Simon told the Mid Sussex Times that he was called at 5am by Vera and Robert Deering, owners of the Jack windmill, who gave him one terrifying message – Jill windmill is on fire.

With all roads to the mill blocked, Simon and a neighbour scrambled up the side of the Downs, crawling on their hands and knees to prevent being blown over in the howling wind.

When they reached the top, the mill was full of smoke.

The strong winds were turning the windmill’s sails, even though the brake was on – and friction between the brake shoe and brakewheel caused the fire.

This spread to the body of the mill and was in danger of gutting the wooden building but, with a chain of buckets and water, the amateur firefighters managed to put the blaze out.

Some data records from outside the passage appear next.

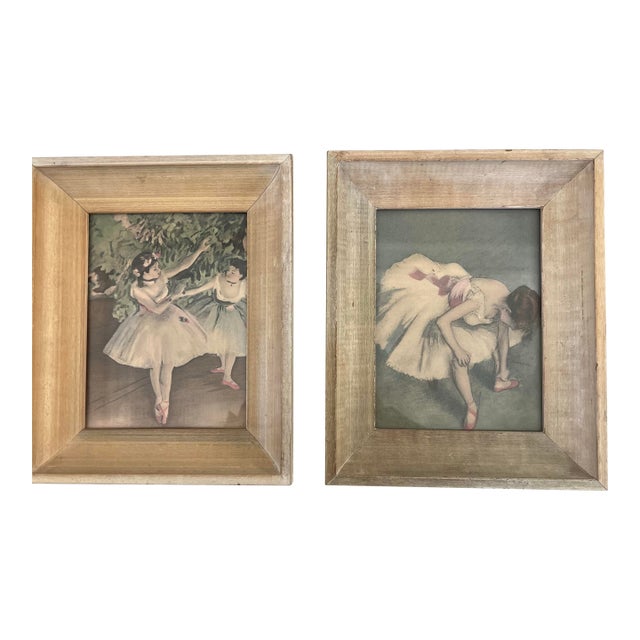 Vintage Pair Degas Prints Framed For Sale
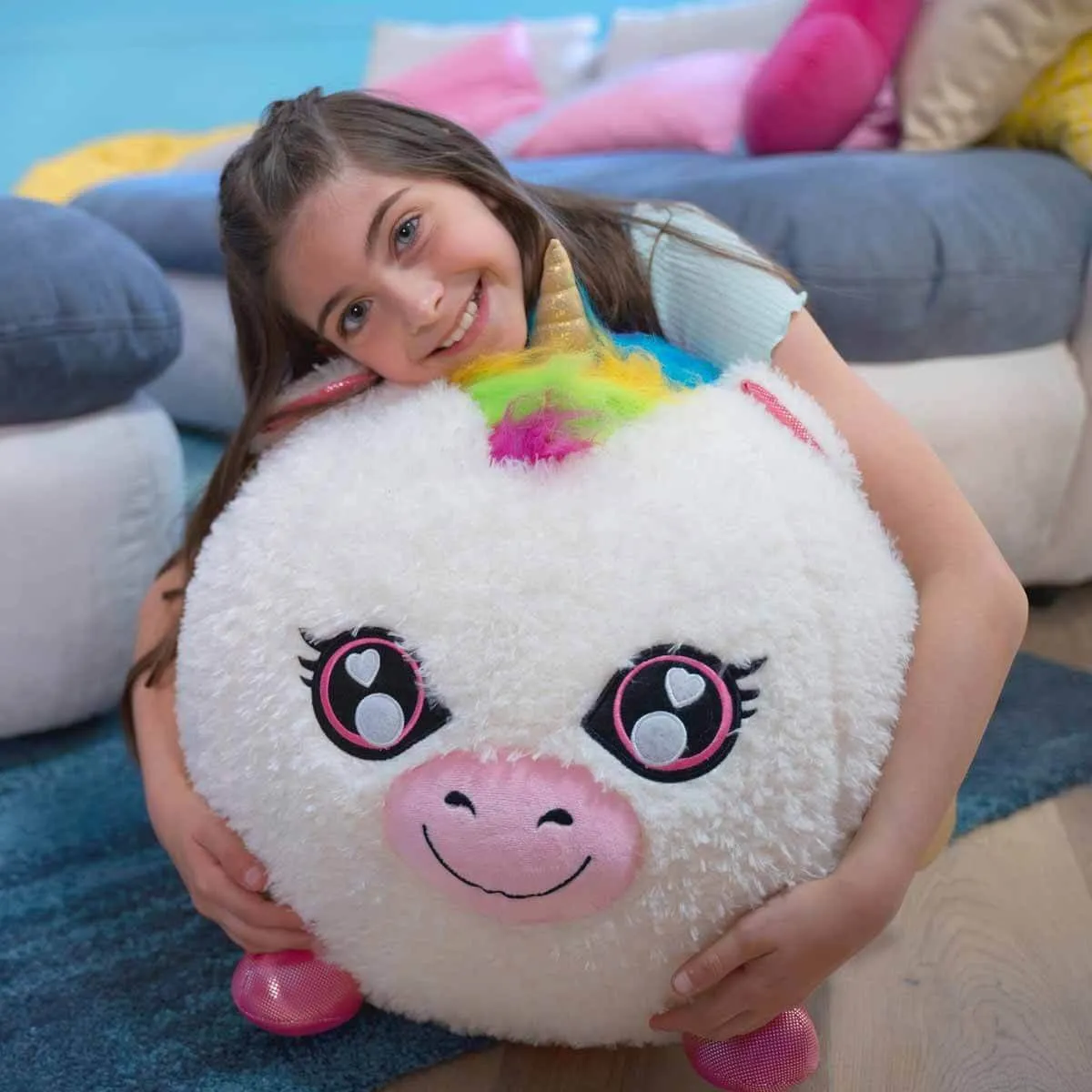 Şişme Peluş Unicorn XXL — görsel 2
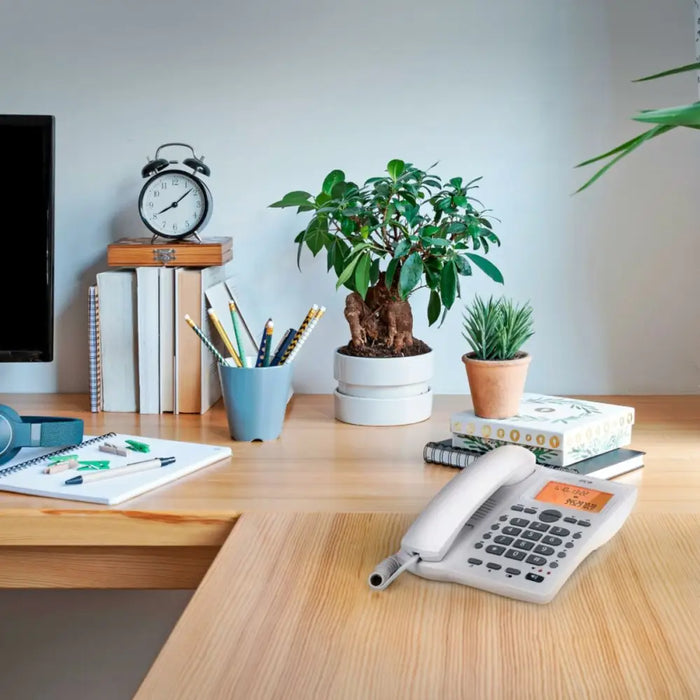 Landline Telephone SPC Internet 3612B White - Стационарни и IP телефони<<<Електроника Телефони и таблети<<<Компютри|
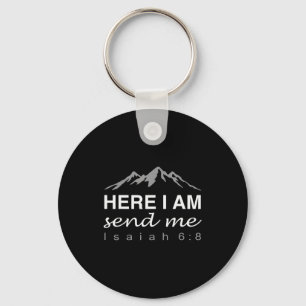 Hineni Here I Am Send Me Christians Hebrew Words  Key Ring
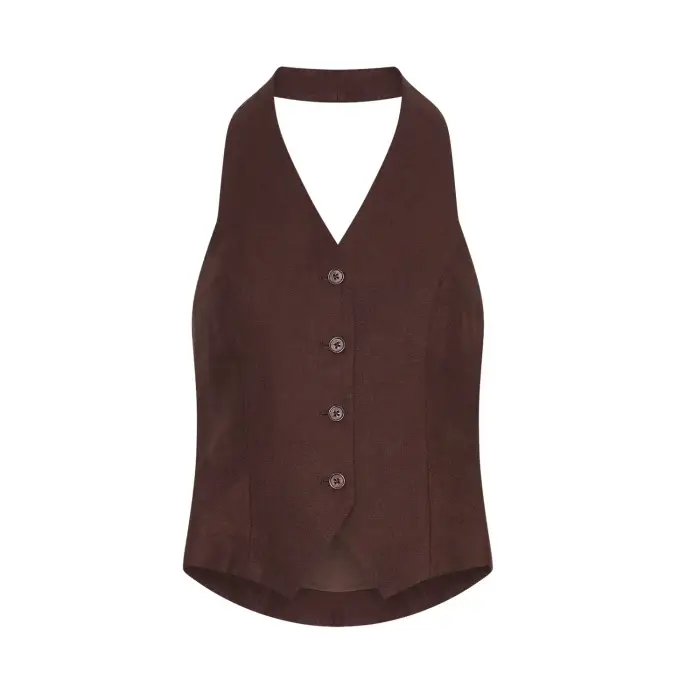 moss copenhagen Gilet da donna Naira Claritta Halterneck Rouge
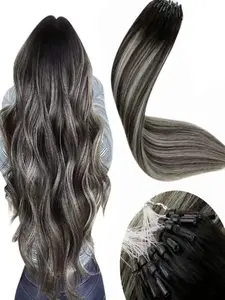 Micro Hair Extensions Dark &, Microlink Hair Extensions, Cold Fusion Micro Human Hair, Natural Hair Look, Premium Quality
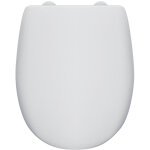 Olfa - abattant wc blanc de forme ovale en bois rticul dclipsable charnires inox nf - ariane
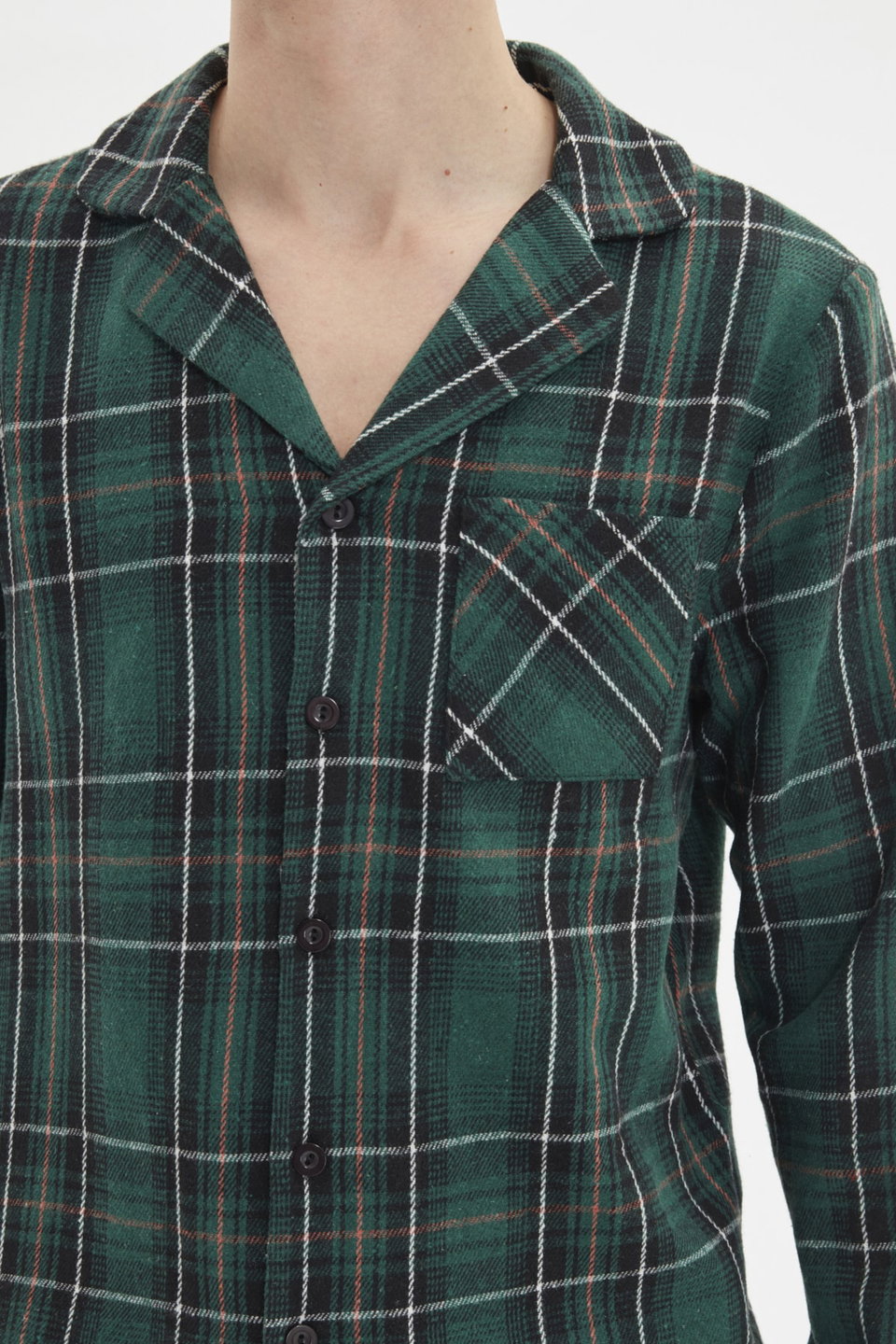 Regular Fit Plaid Woven Pajama Set TMNAW22PT1080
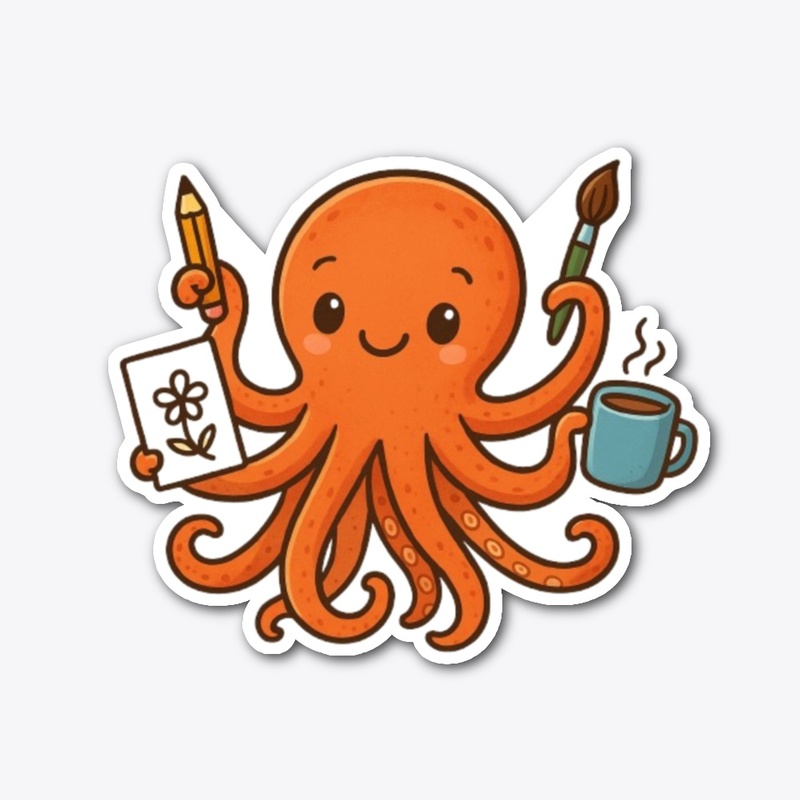 Whimsical Multitasking Octopus Creative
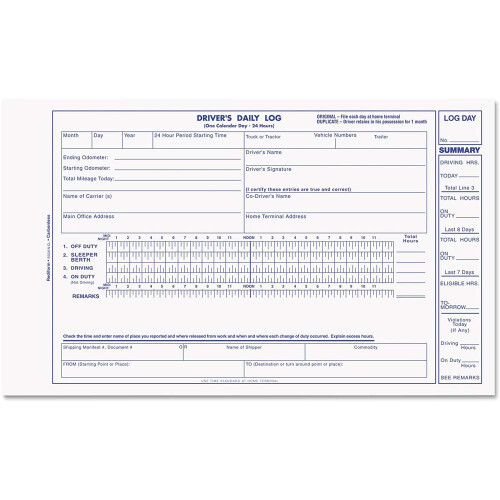 Fahrer-Tagebuch, 31 Sätze/Block [Set aus 2] 2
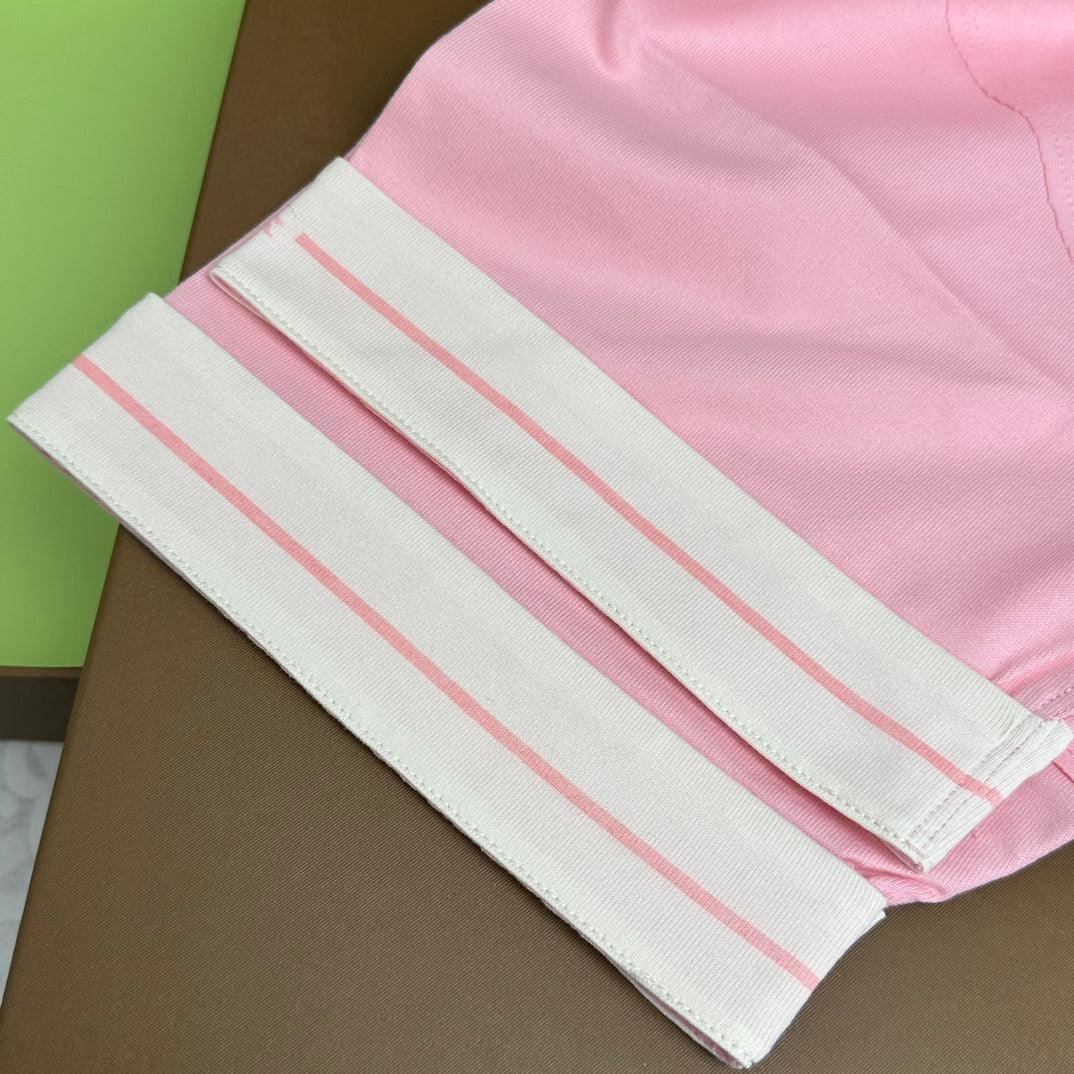 Burberry Pink T-Shirt Without Collar Banlieue91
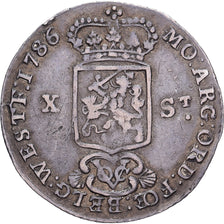 Indes orientales néerlandaises, 10 Stuivers, 1786, VOC, Argent, TTB, KM:138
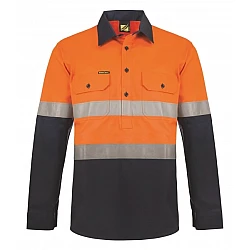 Hybrid Hi Vis Close Front Shirt -WS6031 Hybrid Hi Vis Close Front Shirt -WS6031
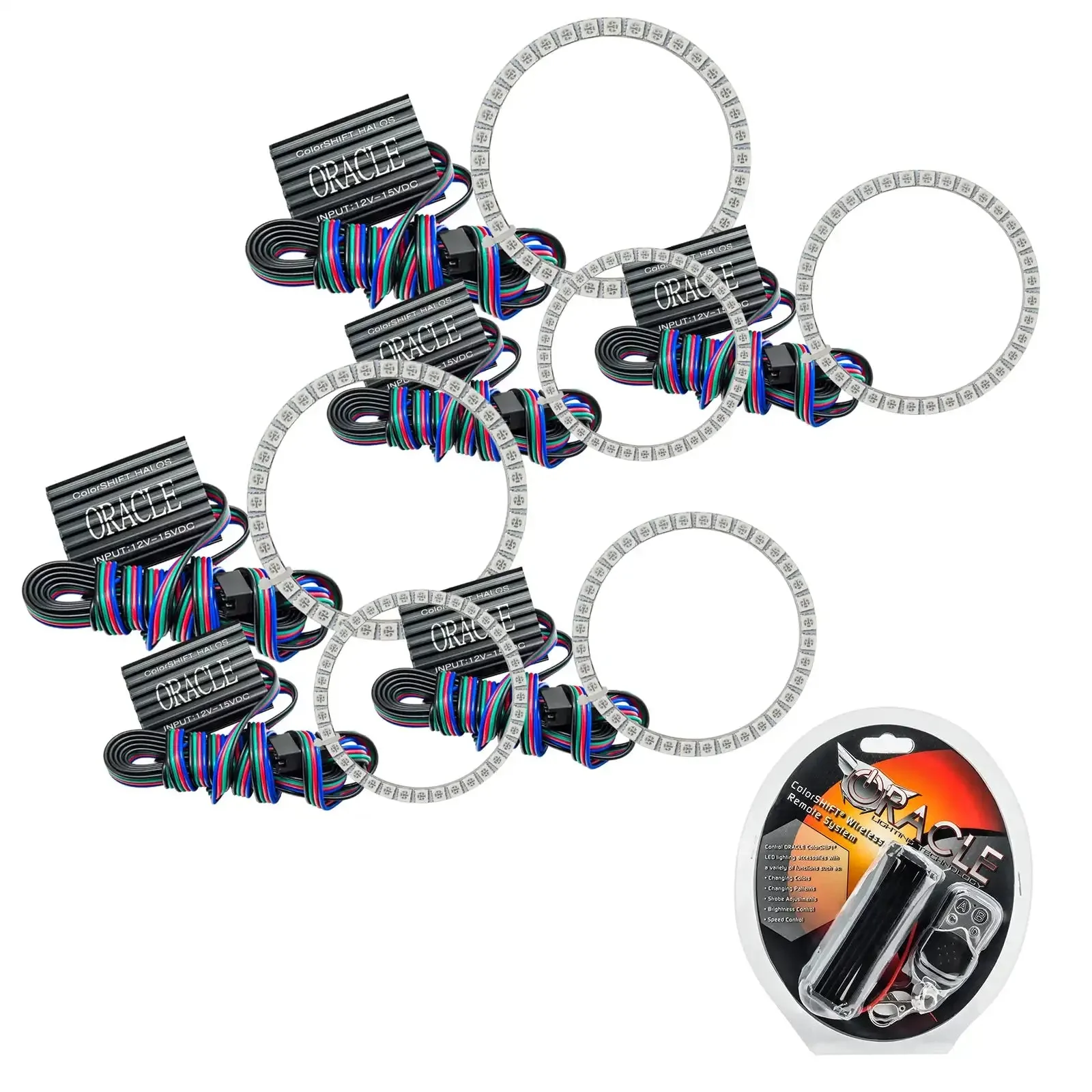 2005-2013 Chevrolet C6 Corvette ORACLE Triple Halo Headlight Kit - Image 11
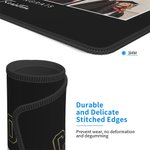 Personalisierte Retro-Foto-Collage Congrats Anti-Rutsch-Mauspad mit Namen und Klasse von 2025 Graduierung Geschenk für Absolventen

Simon said: “The whole mill was pivoting back and forwards, it was pitch dark, full of smoke and we couldn’t see, but we didn’t have time to feel frightened at the time.”

At first light the rest of the damage became visible.

One stair hinge came adrift, breaking the handrail and cracking three steps as the steps were dragged round the mill. Three of the mill’s huge fanblades were blown off, one landing 200 yards away down the hillside.

Jill was built to withstand high winds but not the 100mph gusts which tore across Sussex that night.

The mill had started grinding corn again in 1986 after a break of 80 years, and a second set of millstones were due to be installed shortly before the disaster struck.

By 1988, the repair work was under way, though it would take many more months to complete. The first task was to get the mill rotating again so it could move according to the direction of the wind. Next the brake wheel had to be replaced and the sails put up again.

The work would take around £5,000 to complete.